Und gleichzeitig das Mädchen, an das ich ununterbrochen denke.
»Noah«, flüstert sie leise.
Das ist alles, was ich brauche, um mich nach vorne zu beugen, meine Lippen auf ihre zu drücken.
Ihre Lippen sind voll und weich und es fühlt sich so wunderbar an, sie zu küssen. Ich hebe eine Hand, streiche ihr über die Wange, lasse meine Finger durch ihre Haare gleiten, bevor ich sie an mich ziehe.
Mit einem Seufzen öffnet sie ihren Mund, und einen langen, unglaublich grandiosen Augenblick spielen unsere Zungen miteinander. Ich will nicht, dass dieser Moment jemals endet … Niemals.

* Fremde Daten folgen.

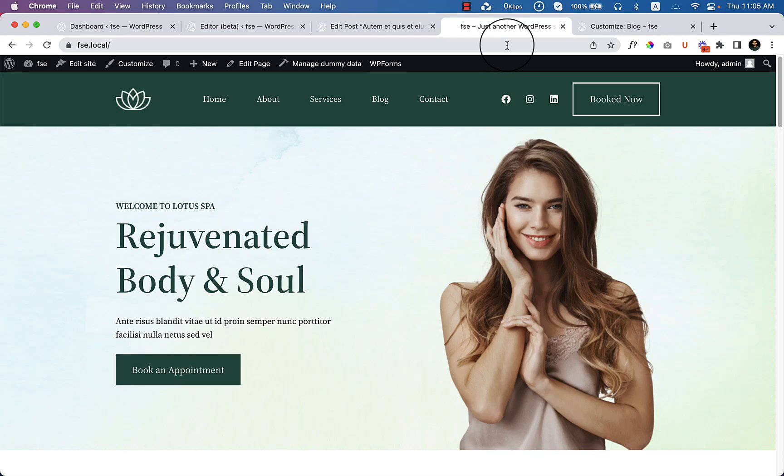In this video I'm going to create a search page or search result page. It will be a fully custom page and I'm also going to add a search icon inside the header area.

Aber dann höre ich Autotüren zuschlagen, und schnell beende ich diesen Kuss. Diesen wahnsinnigen Kuss, den ich wahrscheinlich nie im Leben vergessen werde. Niemals.
Alex’ Blick ist ein wenig glasig, ihre Wangen werden rot und ihre Lippen … o ja, sie sehen aus, als wären sie geküsst worden. So richtig.
Und ich kann mir da ein kleines Grinsen nicht verkneifen. Ich war das. Ich habe dafür gesorgt, dass sie so aussehen.
»Hey«, sagt Rae, als sie die Stufen hinaufkommt.
Ich werfe noch einen Blick auf Alex, bevor ich frage: »Alles okay mit Kay?«
»Ja, ist wohl eine allergische Reaktion. Maggie schätzt, vielleicht ein neues Waschmittel.« Sie zuckt mit den Schultern, sieht ein wenig schuldbewusst aus. »Ich wusste nicht, welches Mom immer genommen hat, deswegen hab ich irgendeins gekauft.« Sie sieht zu unserem kleinen Bruder, der durchs Gras rennt.
»Es ist nicht deine Schuld.«
Sie seufzt. »Ich weiß, aber trotzdem. Ich kann es nicht ertragen, wenn es ihm schlecht geht.«
Sie setzt sich auf einen Stuhl, sieht Alex an. »Wieso ist dein Gesicht so rot? Bist du gerannt?«
»Ähm, nein …«, Alex schaut überall hin, nur nicht zu mir. »Aber es kann sein, dass mein Buch gerade … hm, ein bisschen … du weißt schon.«
Rae grinst sie an. »Ah, verstehe. Sie treiben es.«
»So ungefähr«, antwortet Alex und wird noch röter.